__PROBLEM DESCRIPTION__
Only an exact copy of the lines beginning at the one that contains "Foto vista de" and ending at the last line of the records below counts as the answer.
##########
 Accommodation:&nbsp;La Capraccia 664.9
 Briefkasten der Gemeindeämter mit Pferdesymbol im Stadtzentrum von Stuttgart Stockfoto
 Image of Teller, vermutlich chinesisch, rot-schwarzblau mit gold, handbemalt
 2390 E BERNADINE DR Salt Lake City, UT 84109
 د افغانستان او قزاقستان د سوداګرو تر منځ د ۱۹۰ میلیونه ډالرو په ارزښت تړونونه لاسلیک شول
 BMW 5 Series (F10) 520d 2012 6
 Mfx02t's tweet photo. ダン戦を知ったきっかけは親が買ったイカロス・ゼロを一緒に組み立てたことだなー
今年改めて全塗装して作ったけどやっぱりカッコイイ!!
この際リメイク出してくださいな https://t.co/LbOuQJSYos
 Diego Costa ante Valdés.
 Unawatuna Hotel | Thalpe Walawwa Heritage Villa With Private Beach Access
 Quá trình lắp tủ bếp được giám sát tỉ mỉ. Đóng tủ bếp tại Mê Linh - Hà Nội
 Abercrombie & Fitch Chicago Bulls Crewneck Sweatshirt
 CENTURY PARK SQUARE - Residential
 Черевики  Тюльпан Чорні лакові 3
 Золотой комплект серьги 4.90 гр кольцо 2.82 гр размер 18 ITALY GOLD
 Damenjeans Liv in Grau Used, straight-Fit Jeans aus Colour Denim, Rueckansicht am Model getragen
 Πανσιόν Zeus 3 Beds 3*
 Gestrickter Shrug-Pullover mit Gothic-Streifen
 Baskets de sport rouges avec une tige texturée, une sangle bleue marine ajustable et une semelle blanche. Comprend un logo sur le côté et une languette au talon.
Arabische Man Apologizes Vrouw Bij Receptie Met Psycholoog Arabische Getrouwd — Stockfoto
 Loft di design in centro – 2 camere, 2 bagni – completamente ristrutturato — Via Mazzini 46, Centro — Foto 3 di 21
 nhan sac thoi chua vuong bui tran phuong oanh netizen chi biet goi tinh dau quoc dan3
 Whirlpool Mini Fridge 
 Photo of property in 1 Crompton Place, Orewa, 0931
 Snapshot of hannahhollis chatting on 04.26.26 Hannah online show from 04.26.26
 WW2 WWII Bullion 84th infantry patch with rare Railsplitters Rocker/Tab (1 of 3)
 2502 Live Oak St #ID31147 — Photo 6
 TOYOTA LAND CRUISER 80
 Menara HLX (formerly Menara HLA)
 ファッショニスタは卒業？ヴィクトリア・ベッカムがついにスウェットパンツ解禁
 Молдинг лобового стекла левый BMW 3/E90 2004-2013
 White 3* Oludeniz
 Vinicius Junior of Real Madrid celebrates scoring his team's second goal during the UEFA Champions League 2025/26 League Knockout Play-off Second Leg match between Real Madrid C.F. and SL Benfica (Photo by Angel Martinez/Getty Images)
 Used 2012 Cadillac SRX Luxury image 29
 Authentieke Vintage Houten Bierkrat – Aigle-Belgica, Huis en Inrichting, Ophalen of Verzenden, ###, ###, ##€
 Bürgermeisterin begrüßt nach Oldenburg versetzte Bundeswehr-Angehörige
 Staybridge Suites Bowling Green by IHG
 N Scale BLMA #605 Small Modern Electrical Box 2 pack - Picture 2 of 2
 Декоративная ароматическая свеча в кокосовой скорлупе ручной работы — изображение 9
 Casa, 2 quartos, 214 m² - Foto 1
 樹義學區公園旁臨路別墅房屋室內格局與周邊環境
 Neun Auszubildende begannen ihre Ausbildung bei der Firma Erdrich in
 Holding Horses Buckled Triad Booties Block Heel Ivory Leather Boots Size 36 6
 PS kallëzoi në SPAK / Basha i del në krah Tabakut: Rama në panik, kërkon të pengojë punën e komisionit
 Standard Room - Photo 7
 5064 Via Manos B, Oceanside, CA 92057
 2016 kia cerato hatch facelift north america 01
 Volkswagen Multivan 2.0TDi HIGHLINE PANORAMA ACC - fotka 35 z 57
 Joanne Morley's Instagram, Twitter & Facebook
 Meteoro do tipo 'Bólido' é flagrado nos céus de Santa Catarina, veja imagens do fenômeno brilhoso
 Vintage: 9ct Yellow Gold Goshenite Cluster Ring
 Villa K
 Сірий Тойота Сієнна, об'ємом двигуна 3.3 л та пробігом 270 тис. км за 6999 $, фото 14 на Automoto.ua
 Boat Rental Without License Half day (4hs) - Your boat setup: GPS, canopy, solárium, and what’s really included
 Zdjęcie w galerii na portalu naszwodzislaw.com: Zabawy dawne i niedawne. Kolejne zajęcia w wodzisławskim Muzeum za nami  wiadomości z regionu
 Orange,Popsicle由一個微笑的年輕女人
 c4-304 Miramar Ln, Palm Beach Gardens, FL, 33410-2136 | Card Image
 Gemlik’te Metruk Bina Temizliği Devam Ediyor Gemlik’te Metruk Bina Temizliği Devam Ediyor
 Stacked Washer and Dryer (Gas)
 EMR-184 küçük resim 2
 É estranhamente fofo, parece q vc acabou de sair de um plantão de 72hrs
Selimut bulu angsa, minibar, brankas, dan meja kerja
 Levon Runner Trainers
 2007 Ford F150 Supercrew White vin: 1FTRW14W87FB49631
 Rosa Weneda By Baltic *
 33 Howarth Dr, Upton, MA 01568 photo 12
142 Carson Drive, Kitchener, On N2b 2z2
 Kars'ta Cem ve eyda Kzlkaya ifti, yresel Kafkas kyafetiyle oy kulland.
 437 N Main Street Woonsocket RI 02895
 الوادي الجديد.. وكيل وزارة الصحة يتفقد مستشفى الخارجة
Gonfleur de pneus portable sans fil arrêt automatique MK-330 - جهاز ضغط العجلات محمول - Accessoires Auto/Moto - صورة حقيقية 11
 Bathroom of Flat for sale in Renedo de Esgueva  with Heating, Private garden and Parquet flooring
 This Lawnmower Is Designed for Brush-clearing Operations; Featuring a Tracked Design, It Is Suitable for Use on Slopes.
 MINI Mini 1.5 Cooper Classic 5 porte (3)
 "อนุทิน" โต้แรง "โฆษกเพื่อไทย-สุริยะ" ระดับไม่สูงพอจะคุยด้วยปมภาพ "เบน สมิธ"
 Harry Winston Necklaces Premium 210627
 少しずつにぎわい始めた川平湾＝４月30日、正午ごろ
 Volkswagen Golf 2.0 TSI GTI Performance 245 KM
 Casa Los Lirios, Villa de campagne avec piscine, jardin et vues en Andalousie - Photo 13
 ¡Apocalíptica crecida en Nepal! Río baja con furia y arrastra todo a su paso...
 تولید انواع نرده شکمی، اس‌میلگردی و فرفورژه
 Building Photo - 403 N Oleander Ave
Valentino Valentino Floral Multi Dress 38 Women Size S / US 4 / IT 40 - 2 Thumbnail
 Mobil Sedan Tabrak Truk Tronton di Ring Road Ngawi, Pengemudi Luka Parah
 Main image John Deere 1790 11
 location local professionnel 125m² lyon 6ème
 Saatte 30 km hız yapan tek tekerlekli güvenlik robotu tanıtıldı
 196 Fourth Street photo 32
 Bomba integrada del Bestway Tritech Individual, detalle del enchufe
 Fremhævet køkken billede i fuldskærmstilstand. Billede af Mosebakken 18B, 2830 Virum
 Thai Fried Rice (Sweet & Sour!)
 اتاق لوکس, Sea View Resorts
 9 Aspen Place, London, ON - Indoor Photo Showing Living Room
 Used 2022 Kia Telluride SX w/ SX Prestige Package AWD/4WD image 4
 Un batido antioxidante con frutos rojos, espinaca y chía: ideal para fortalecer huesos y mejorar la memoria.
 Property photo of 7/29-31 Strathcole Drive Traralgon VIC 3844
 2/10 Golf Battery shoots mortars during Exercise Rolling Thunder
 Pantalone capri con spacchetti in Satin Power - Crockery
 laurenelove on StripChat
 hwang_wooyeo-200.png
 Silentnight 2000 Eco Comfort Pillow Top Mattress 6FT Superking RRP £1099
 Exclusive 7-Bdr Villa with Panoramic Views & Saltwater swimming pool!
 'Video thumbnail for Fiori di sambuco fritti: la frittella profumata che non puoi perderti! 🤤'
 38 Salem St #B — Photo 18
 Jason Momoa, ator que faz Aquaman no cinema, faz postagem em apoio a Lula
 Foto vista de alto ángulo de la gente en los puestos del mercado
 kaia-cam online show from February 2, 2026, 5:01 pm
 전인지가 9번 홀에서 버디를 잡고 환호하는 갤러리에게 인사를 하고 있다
##########
__SOLUTION TO THE EXERCISE__
 Foto vista de alto ángulo de la gente en los puestos del mercado
 kaia-cam online show from February 2, 2026, 5:01 pm
 전인지가 9번 홀에서 버디를 잡고 환호하는 갤러리에게 인사를 하고 있다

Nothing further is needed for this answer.